Personalised pricing in its truest form would be nothing but perfect price discrimination where companies are able to charge the maximum price based on each consumer’s willingness to pay (WTP), thereby extracting all available consumer surplus.
To engage in perfect price discrimination, businesses need to be able to precisely estimate and predict the WTP of each consumer for a specific (brand of) product. However, even with extensive data and computing power, the likelihood of companies being able to engage in perfect price discrimination is very low.
A monopoly may at best be able to engage in an imperfect price discrimination since the nature and quantum of information required to implement perfect price discrimination is not easy to get. However, in case of an oligopolistic market, or a perfectly competitive market, competition is likely to keep the profit maximisation agenda of companies in check.
This is particularly relevant for markets like India where offline traders still cater to a large number of consumers. Against this backdrop, price prediction and estimation become difficult. Also, business decisions cannot ignore the possibilities of consumers getting alienated or sellers getting priced-out.
Non-price benefits: Even if one were to assume that companies could implement perfect price discrimination, access to information for consumers has become fairly easy because of technological progress. In a market with transparent pricing, a consumer is armed with necessary information and can take a reasoned decision on whether to purchase a product at a personalized price. In addition, online platforms have increased consumer choice, with a greater variety of products available on a single online marketplace when compared with an offline store.
Although competition authorities are wary about the use of Big Data and algorithms to “individualize” pricing, achieving it remains difficult, as the process of predicting each individual’s maximum paying capacity is complex even for a company with sufficient data and computing power.
Therefore, not every form of use of Big Data and algorithms by companies is likely to have competition concerns. On the contrary, some uses may result in price and non-price benefits. In fact, some companies have begun using Big Data and algorithms to take strategic business decisions. For instance, Netflix uses algorithms to personalise recommendations for its viewers, and also curates its shows based on consumer preference data. Such use of data promotes customer choice, thereby increasing consumer welfare.
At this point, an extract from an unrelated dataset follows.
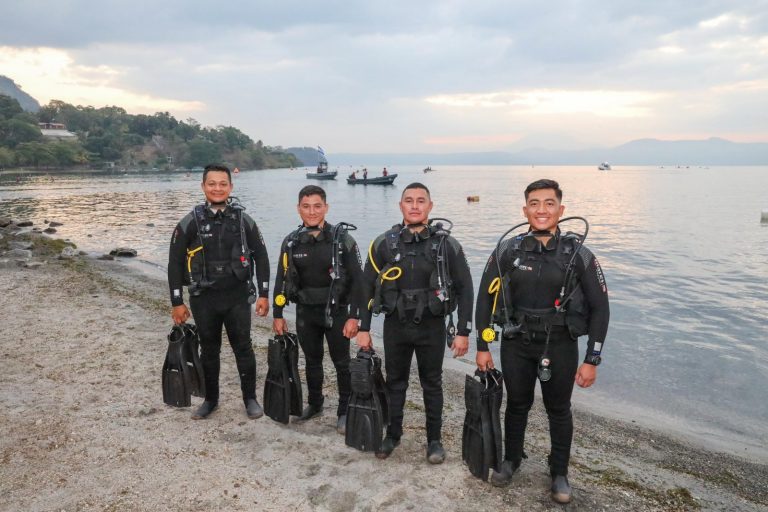 Personal apoyo buzos IRONMAN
The new-age business models spurred by Big Data and algorithms are still nascent and competition in these markets is beginning to play out. Any interference in such nascent markets could thwart innovation and technological progress. Even the Competition Commission of India, in a recent order, recognized the possible market efficiencies and consumer benefits that these new technologies and markets can provide, and noted that any intervention in such nascent markets must be carefully crafted.